I am working on a semi-realtime system using C++. Lots of the design and logic are event based. While looking for some event framework for c++, I found Qt. The signal/slot, state machine in Qt looks very good to my situation. I prefer them much more than boost. Also, the QObject system has a lot of nice features, e.g. QObject Model, moc, parent-child object memory management etc. But I know little about Qt, I have a few questions here.
Giving I am pretty familiar with c++/stl now, is it worth the time to learn Qt? Anyway I will not use its most popular part, UI.
What about the performance of Qt comparing to stl/boost? Since the application is realtime, performance is a key requirement. For example, I have to design the data layout very carefully to maximize the CPU cache utilization. All those features provided by Qt should bring some overhead. How much impact would that be?
What about multi-threading in Qt development? Can I use stl thread or pthread with Qt objects or I have to use threading provided by Qt?

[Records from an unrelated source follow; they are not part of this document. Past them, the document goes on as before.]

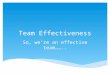 So We Are An Effectice Team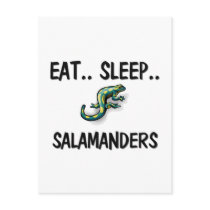 Eat Sleep SALAMANDERS postcards by AnimalShirts Eat Sleep SALAMANDERS postcards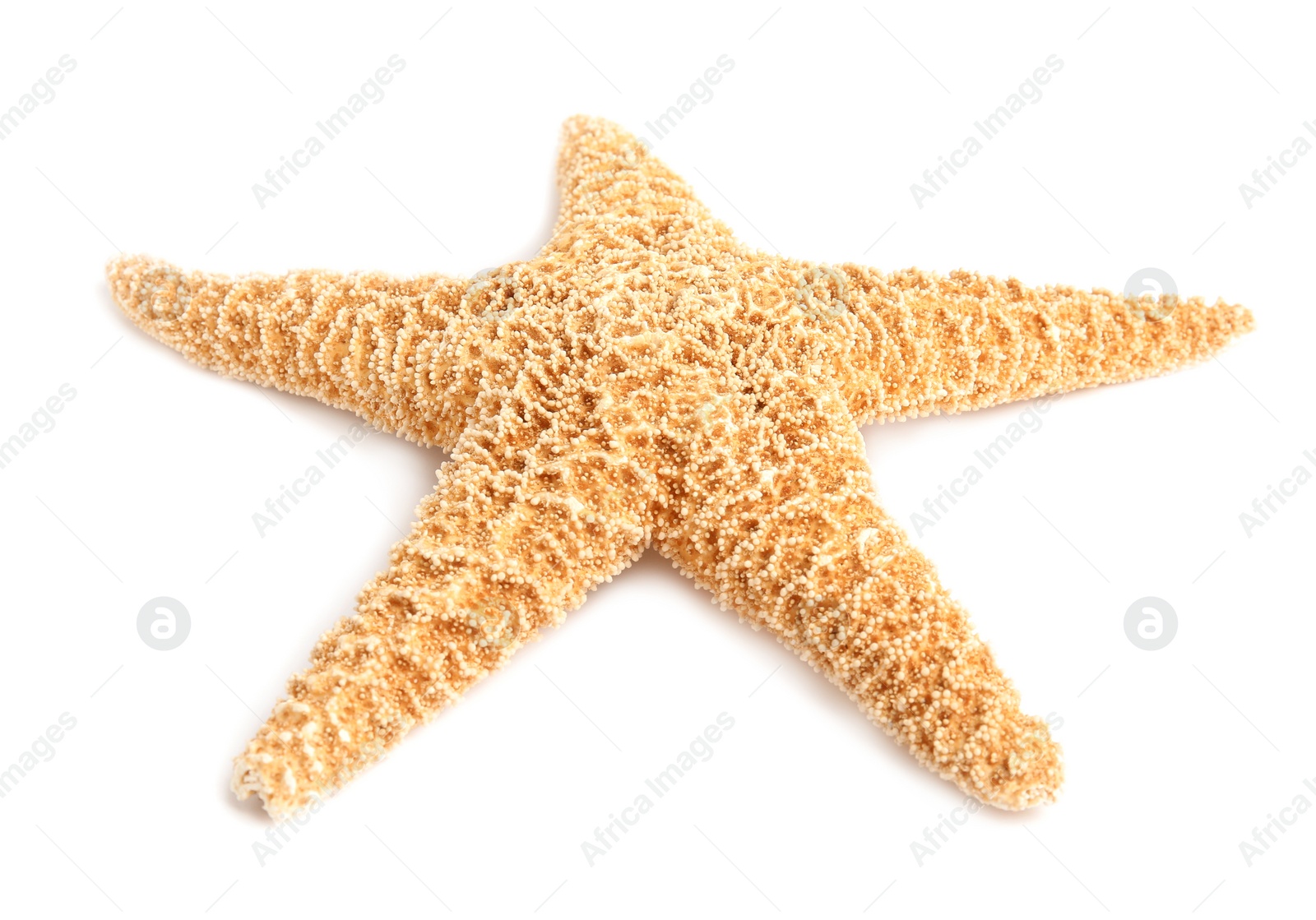 Photo of Beautiful starfish on white background. Beach object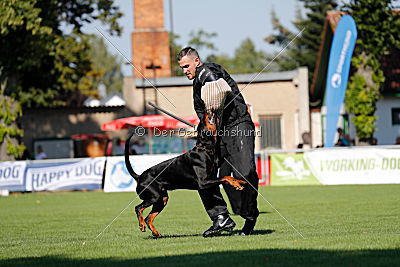 Buddy vom Hexenzauber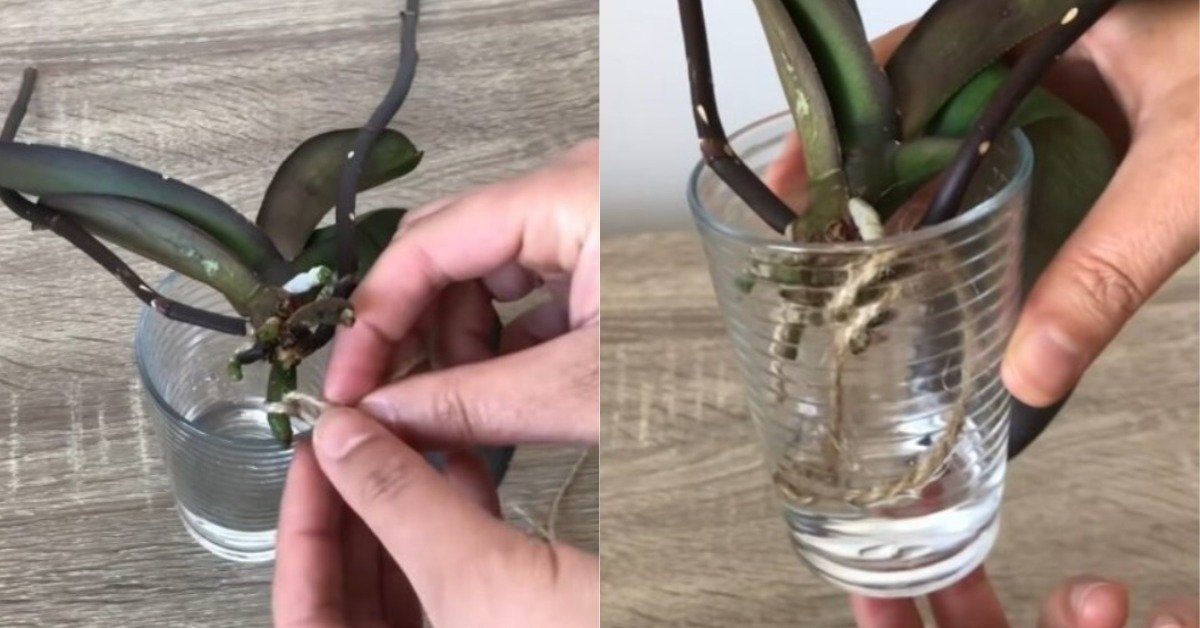 Что делать, если у орхидеи гниют корни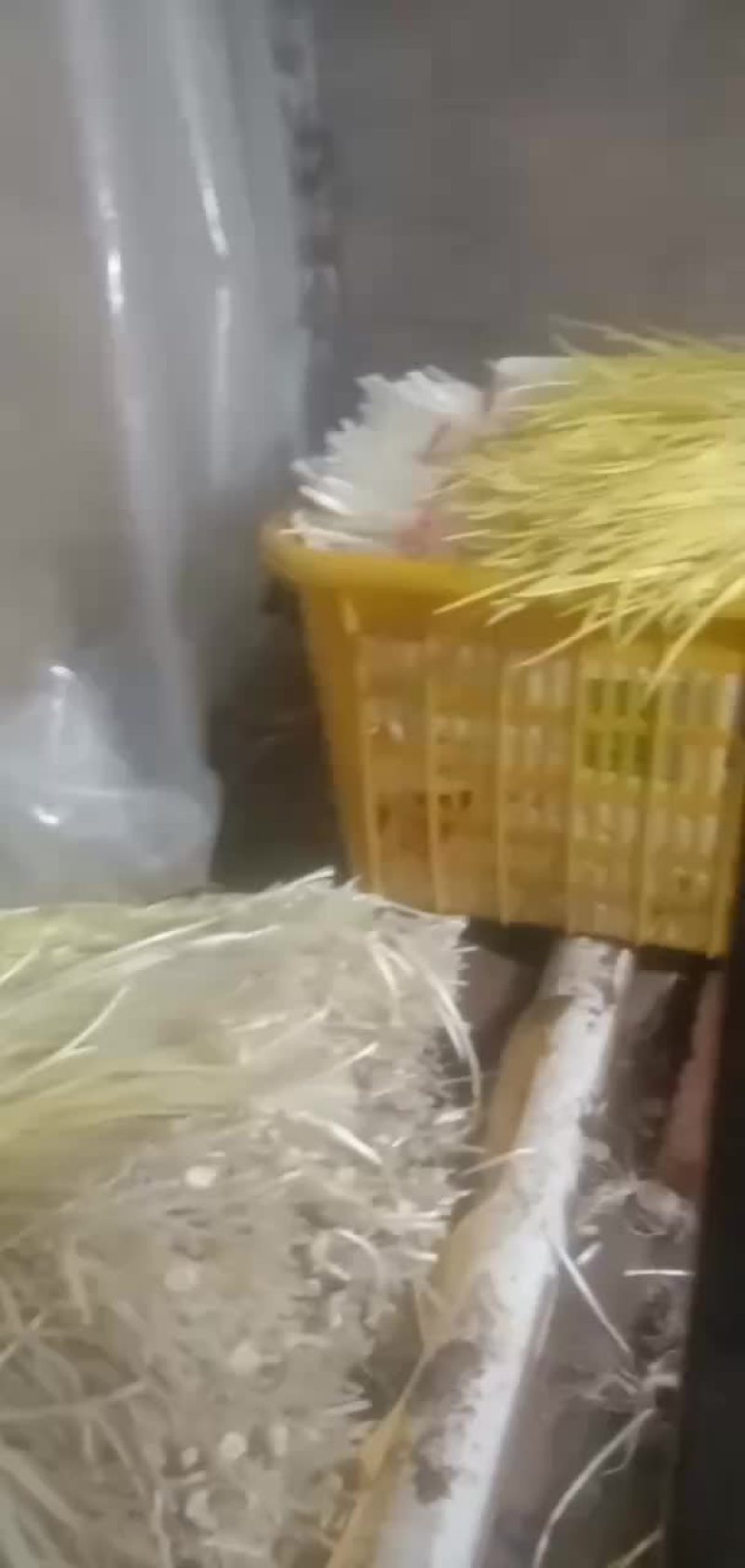 蒜黄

Is it easy to use?
Qt is very worth learning. It will definitely boost up your development speed. And compared to boost framework, Qt has very complete and readable documentation and example codes which will help you to learn rapidly.
I assume you're comparing the performance of the collections implementation. You can refer to this: http://blog.codeimproved.net/2009/12/qtl-or-stl/. Since Qt is more concerned about development experience, some of it's functions may have some performance drop compared to stl/boost. But if there's any major performance hit, you can always switch back to stl without pain.

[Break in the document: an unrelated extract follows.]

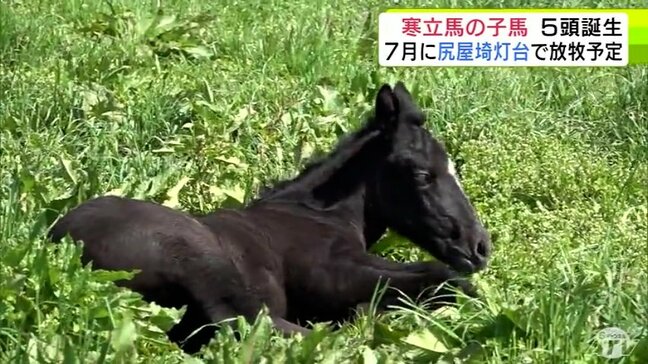 天然記念物「寒立馬」が出産シーズン迎える オスとメスの5頭の子馬が誕生 ポカポカ陽気のなか寝ころんで日向ぼっこ 青森県東通村|TBS NEWS DIG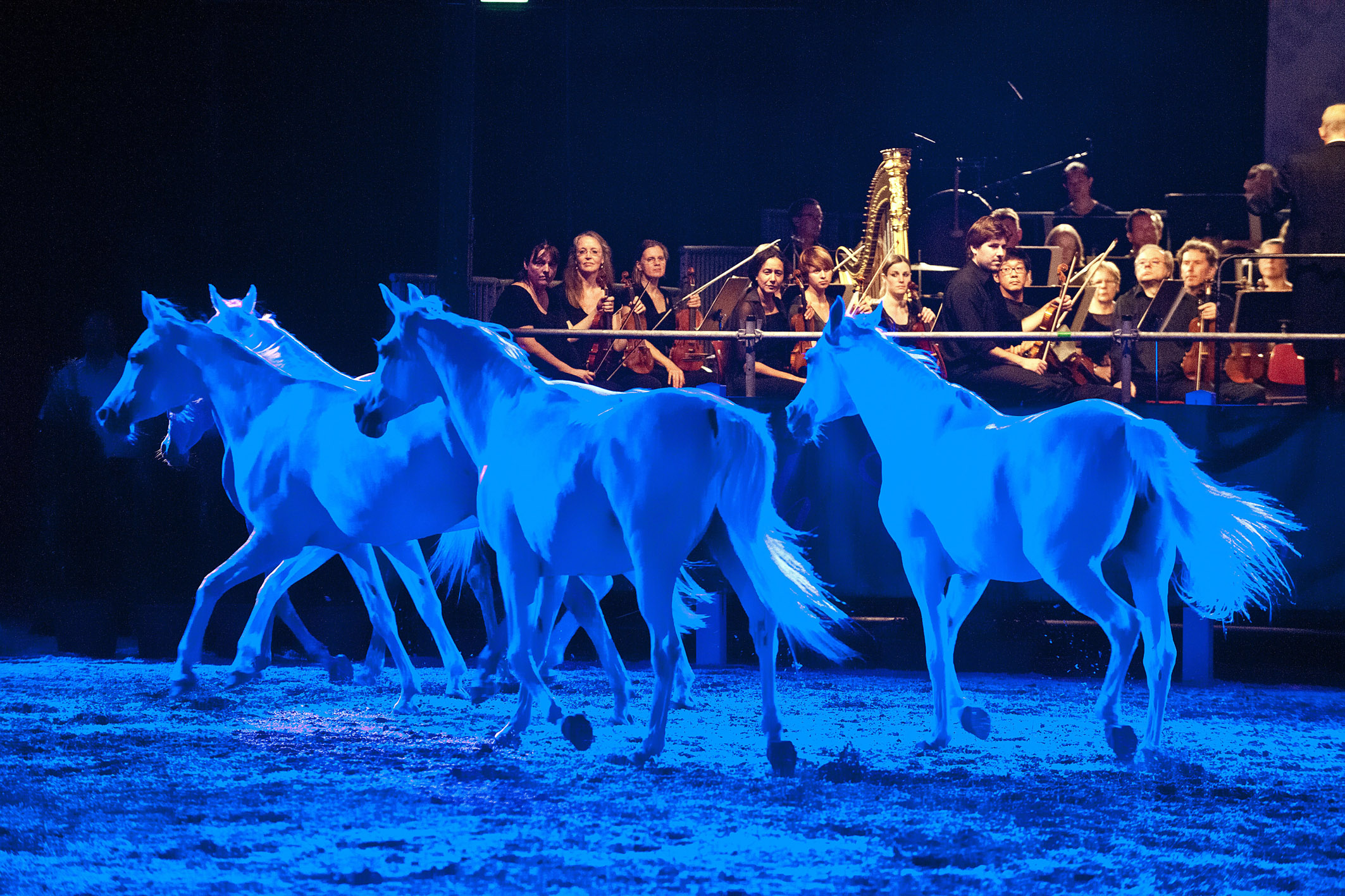 Marbach Classics 2015_Foto S. Kube_056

QThreads are built upon pthreads, while providing an OO abstraction. I suggest you to use QThread if you are working with Qt Objects. It's definitely easy to use, since development with ease is the design theory of Qt.
Another benefit of Qt is that it provides the guarantee that on every platform that supports Qt, the underlying implementation are identical, while some platform only provide incomplete or varying STL support or even no STL support at all. Qt is always more predictable, since it's managed by a single organization.